Yes, Pitty owed love to Melanie, security to Scarlett, and what did she owe India? —
是的,皮蒂欠梅拉妮的爱,给斯嘉丽提供了安全感,那她欠印度什么? —

Nothing, except that India’s presence kept her from having to break up her pleasant life and make decisions for herself. —
除了印度的存在让她不必打破自己美好的生活并为自己做决定之外,什么都没有。 —

It was all most distressing and too, too vulgar and Pitty, who had never made a decision for herself in her whole life, simply let matters go on as they were and as a result spent much time in uncomforted tears.
这一切都非常令人苦恼,太过粗俗,皮蒂从未为自己做过任何决定,在她整个生活中只是听之任之,结果她花了很多时间悲不自胜地流泪。

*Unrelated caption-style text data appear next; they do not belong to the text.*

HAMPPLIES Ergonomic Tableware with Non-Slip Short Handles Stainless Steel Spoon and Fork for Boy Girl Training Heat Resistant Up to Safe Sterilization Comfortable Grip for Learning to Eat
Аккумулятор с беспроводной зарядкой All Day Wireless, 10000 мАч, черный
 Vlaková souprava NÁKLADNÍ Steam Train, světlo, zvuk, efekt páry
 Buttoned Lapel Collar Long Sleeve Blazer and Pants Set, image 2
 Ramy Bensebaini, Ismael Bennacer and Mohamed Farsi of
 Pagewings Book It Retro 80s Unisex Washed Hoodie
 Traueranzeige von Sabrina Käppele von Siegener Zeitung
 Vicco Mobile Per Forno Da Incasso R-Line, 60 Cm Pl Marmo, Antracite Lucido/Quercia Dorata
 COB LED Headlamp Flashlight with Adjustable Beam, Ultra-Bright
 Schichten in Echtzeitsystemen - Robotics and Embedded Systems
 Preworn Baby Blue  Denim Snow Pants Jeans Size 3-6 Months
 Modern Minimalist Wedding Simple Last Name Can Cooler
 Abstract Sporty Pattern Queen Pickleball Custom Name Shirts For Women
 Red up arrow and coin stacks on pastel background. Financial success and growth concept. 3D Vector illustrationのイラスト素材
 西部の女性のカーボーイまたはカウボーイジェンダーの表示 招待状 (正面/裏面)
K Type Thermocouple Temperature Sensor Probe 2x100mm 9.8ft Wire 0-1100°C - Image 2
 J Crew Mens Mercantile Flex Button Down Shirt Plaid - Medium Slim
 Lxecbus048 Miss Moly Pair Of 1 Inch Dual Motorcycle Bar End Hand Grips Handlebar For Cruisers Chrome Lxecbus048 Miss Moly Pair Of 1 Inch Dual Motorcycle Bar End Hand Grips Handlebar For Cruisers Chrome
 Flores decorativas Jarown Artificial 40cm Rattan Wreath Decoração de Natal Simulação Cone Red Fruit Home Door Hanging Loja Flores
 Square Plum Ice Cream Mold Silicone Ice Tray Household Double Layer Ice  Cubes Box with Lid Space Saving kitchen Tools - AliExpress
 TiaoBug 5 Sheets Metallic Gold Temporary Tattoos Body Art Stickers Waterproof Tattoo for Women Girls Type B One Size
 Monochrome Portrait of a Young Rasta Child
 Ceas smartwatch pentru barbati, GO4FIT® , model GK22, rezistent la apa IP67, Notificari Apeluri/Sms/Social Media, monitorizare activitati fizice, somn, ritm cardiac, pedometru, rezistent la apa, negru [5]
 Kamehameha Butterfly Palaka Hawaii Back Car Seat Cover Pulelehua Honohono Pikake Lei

In the end, some people believed whole-heartedly in Scarlett’s innocence, not because of her own personal virtue but because Melanie believed in it. —
最终,一些人全心全意相信斯嘉丽的无辜,不是因为她个人的美德,而是因为梅拉妮相信她的无辜。 —

Some had mental reservations but they were courteous to Scarlett and called on her because they loved Melanie and wished to keep her love. —
有些人对斯嘉丽持有保留意见,但他们对她很有礼貌,并拜访她,因为他们爱梅拉妮,希望维持她的爱。 —

India’s adherents bowed coldly and some few cut her openly. —
印度的拥护者冷冷地鞠了一躬,还有一些人公开对她疏远。 —

These last were embarrassing, infuriating, but Scarlett realized that, except for Melanie’s championship and her quick action, the face of the whole town would have been set against her and she would have been an outcast.
这些最后的事情令人尴尬、愤怒,但是斯嘉丽意识到,如果不是梅拉妮的坚定支持和她迅速的行动,整个镇子都会对她敌视,并将她排斥在外。